*About this exercise*:
Scan the material for the word "thumbnail", and copy each line where it shows up.

*Provided records*:

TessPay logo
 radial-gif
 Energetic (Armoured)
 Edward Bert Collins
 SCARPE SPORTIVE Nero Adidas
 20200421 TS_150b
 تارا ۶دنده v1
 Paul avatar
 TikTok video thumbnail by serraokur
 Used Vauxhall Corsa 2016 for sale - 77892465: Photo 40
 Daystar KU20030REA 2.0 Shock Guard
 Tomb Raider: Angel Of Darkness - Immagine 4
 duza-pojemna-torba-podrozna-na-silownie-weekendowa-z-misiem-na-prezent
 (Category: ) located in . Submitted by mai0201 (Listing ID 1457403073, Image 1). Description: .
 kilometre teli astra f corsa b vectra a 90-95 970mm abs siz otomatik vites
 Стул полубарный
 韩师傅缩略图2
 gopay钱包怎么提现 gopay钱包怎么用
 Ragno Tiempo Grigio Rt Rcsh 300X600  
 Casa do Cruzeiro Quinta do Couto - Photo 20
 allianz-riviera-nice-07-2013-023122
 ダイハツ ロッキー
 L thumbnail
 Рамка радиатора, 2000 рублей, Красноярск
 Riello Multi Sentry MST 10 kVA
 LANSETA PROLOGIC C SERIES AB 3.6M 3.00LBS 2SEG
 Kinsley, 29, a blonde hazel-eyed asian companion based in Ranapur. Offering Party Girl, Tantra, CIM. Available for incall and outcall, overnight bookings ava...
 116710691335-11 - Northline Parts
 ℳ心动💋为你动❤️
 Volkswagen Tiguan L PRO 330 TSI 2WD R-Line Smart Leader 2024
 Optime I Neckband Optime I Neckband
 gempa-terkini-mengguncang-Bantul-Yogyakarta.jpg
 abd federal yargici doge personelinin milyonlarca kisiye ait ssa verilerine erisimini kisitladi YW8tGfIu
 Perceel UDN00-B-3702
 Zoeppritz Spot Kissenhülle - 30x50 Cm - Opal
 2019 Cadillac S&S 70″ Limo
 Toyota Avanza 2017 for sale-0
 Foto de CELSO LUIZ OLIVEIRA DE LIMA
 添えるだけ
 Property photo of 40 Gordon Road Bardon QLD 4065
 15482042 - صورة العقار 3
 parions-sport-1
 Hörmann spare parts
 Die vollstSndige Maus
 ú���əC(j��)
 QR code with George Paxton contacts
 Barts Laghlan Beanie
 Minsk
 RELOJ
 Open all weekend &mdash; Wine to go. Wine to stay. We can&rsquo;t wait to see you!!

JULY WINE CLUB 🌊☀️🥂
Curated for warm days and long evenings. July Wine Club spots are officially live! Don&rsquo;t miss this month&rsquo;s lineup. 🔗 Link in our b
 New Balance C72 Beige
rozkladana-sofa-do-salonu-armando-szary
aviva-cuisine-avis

*Exercise output*:
 TikTok video thumbnail by serraokur
 L thumbnail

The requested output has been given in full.